Dio, nessuno lo ha mai visto:
il Figlio unigenito, che è Dio
ed è nel seno del Padre,
è lui che lo ha rivelato.
Parola del Signore
Riflessione sul vangelo di domenica 4 gennaio
La Liturgia di questa seconda domenica dopo Natale, presenta il brano del vangelo di Giovanni nel cosiddetto Prologo.
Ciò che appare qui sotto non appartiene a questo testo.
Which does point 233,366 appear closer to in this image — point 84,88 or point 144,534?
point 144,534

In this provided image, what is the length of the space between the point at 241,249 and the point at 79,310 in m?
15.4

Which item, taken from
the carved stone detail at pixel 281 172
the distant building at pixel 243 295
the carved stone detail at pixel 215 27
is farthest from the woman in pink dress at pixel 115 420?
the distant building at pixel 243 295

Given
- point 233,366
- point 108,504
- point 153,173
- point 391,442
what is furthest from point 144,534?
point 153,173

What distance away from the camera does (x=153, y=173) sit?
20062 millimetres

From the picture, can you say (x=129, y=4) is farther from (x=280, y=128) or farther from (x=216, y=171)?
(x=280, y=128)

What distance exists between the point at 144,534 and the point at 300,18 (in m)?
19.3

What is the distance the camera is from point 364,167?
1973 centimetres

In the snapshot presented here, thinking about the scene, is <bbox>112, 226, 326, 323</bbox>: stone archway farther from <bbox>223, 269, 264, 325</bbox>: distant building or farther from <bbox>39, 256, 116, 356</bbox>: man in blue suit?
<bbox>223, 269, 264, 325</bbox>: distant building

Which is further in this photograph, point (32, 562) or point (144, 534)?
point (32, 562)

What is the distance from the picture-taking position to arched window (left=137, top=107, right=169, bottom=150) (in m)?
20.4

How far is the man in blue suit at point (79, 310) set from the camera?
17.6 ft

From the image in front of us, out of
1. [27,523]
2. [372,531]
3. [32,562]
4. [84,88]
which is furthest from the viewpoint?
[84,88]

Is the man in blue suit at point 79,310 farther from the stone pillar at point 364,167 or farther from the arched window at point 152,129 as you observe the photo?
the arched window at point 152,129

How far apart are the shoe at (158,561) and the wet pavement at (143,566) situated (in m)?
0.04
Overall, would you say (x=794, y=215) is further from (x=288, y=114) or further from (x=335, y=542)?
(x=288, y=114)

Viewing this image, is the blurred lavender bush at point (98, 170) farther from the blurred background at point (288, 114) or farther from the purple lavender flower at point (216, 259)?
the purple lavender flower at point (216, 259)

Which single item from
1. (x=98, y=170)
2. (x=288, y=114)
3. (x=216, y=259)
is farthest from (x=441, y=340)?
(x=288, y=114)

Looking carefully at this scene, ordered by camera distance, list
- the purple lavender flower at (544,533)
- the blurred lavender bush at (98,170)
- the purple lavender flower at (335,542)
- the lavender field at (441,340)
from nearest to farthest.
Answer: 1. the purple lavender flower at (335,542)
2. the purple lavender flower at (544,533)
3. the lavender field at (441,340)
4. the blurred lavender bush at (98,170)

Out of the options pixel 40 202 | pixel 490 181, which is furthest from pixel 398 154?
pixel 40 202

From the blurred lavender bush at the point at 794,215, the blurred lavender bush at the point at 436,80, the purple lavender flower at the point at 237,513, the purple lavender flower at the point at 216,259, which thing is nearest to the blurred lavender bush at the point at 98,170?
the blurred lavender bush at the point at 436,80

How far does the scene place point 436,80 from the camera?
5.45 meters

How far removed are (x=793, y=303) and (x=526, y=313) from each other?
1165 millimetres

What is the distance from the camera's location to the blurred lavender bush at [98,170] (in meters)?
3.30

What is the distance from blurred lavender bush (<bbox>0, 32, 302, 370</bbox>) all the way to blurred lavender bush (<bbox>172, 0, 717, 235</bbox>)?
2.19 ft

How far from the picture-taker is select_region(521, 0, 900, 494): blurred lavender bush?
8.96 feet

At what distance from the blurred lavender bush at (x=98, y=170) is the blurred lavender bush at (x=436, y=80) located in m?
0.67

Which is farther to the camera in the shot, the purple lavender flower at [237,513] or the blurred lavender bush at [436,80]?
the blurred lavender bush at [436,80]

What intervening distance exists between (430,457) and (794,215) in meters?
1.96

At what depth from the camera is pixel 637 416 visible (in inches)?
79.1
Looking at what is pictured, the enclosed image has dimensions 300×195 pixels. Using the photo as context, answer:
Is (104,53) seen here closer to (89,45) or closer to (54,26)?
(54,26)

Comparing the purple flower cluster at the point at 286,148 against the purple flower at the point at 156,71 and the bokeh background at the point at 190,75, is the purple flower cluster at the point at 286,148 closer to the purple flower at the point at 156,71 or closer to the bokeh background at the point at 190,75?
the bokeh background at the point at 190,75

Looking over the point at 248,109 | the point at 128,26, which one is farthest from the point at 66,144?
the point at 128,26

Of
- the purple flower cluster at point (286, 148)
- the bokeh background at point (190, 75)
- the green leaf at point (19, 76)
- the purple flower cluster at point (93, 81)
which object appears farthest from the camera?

In questo brano Giovanni ci dice che Gesù esisteva prima, prima della creazione dell’Universo e di ogni cosa.
San Giovanni qui nel Prologo, chiama Gesù, Verbo, cioè la Parola eterna di Dio.
Il Verbo esistito da sempre si è incarnato per abitare in mezzo a noi: “ E il Verbo si fece carne e venne ad abitare in mezzo a noi”. Il Figlio unigenito del Padre vuole dirci la bellezza di essere figli di Dio; Gesù vuole donarci l’amore del Padre.
Gesù è la “ luce vera” e vuole allontanarci dalle tenebre del peccato; è la “Vita” che conosce le nostre vite e ci ama sempre.
Gesù è la Parola eterna di Dio che da sempre ci ama e desidera comunicare con noi, vivere con noi, entrare nelle nostre fragilità e nelle diverse debolezze per guarirci.
Dio si è fatto carne proprio per entrare nella condizione umana e poterla risanare ed essere il Dio con noi: “ E il Verbo si fece carne e venne ad abitare in mezzo a noi”.